### Brief
Reproduce the records that follow exactly; any picture among them stays out.

Records supplied Start Marker

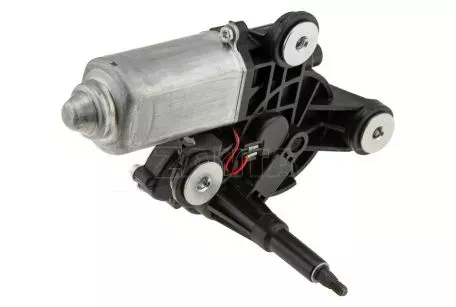 NTY ΜΟΤΕΡ ΥΑΛΟΚΑΘΑΡΙΣΤΗΡΩΝ ΓΙΑ FIAT 500 2007+ / 500C 2009+ / ABARTH 500 2008+ / ABARTH 500C 2008+  ΠΙΣΩ orig.51791408 ESW-FT-023/AJ 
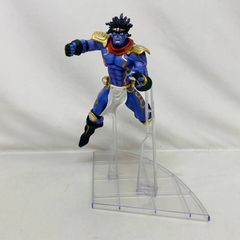 FREEing B STYLE アイズ・ヴァレンシュタイン バニー ver. 1/4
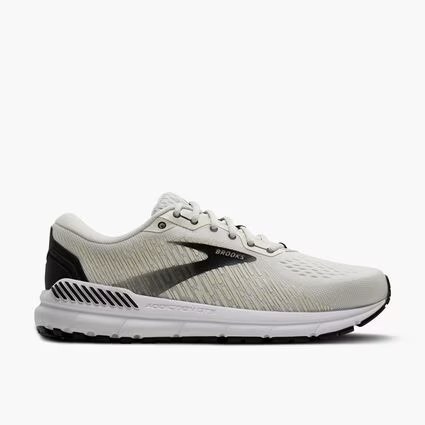 Men's 110365-072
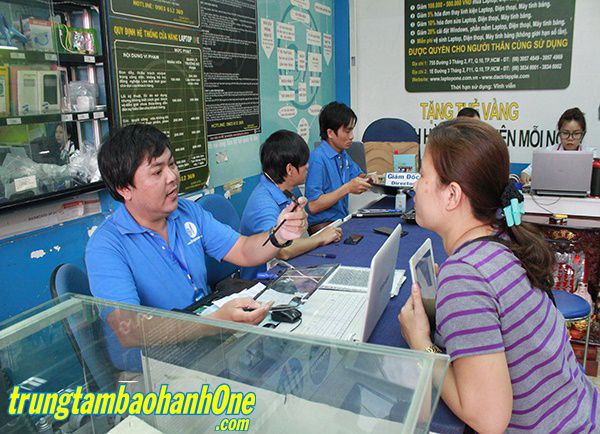 iCloud Ẩn Là Gì? Cách Tránh Mua Phải Thiết Bị Dính iCloud Ẩn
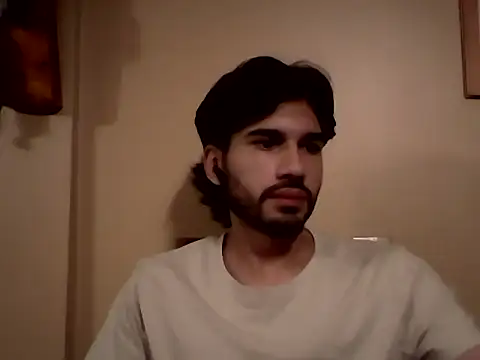 nachocum1 online show from February 5, 4:06 am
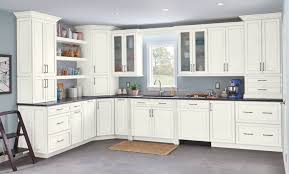 If boydton, va is not your current location, please enter the correct zip code below. Painted Cabinets Cherry Cabinets American Woodmark Custom Kitchen Cabinets Semi Custom Kitchen Cabinets American Woodmark Cabinets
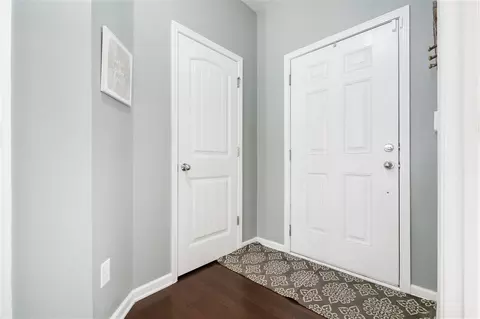 4518 Middletown Dr, Wake Forest, NC 27587 photo 3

Records supplied End Marker

### Exercise solution
 NTY ΜΟΤΕΡ ΥΑΛΟΚΑΘΑΡΙΣΤΗΡΩΝ ΓΙΑ FIAT 500 2007+ / 500C 2009+ / ABARTH 500 2008+ / ABARTH 500C 2008+  ΠΙΣΩ orig.51791408 ESW-FT-023/AJ 
 FREEing B STYLE アイズ・ヴァレンシュタイン バニー ver. 1/4
 Men's 110365-072
 iCloud Ẩn Là Gì? Cách Tránh Mua Phải Thiết Bị Dính iCloud Ẩn
 nachocum1 online show from February 5, 4:06 am
 If boydton, va is not your current location, please enter the correct zip code below. Painted Cabinets Cherry Cabinets American Woodmark Custom Kitchen Cabinets Semi Custom Kitchen Cabinets American Woodmark Cabinets
 4518 Middletown Dr, Wake Forest, NC 27587 photo 3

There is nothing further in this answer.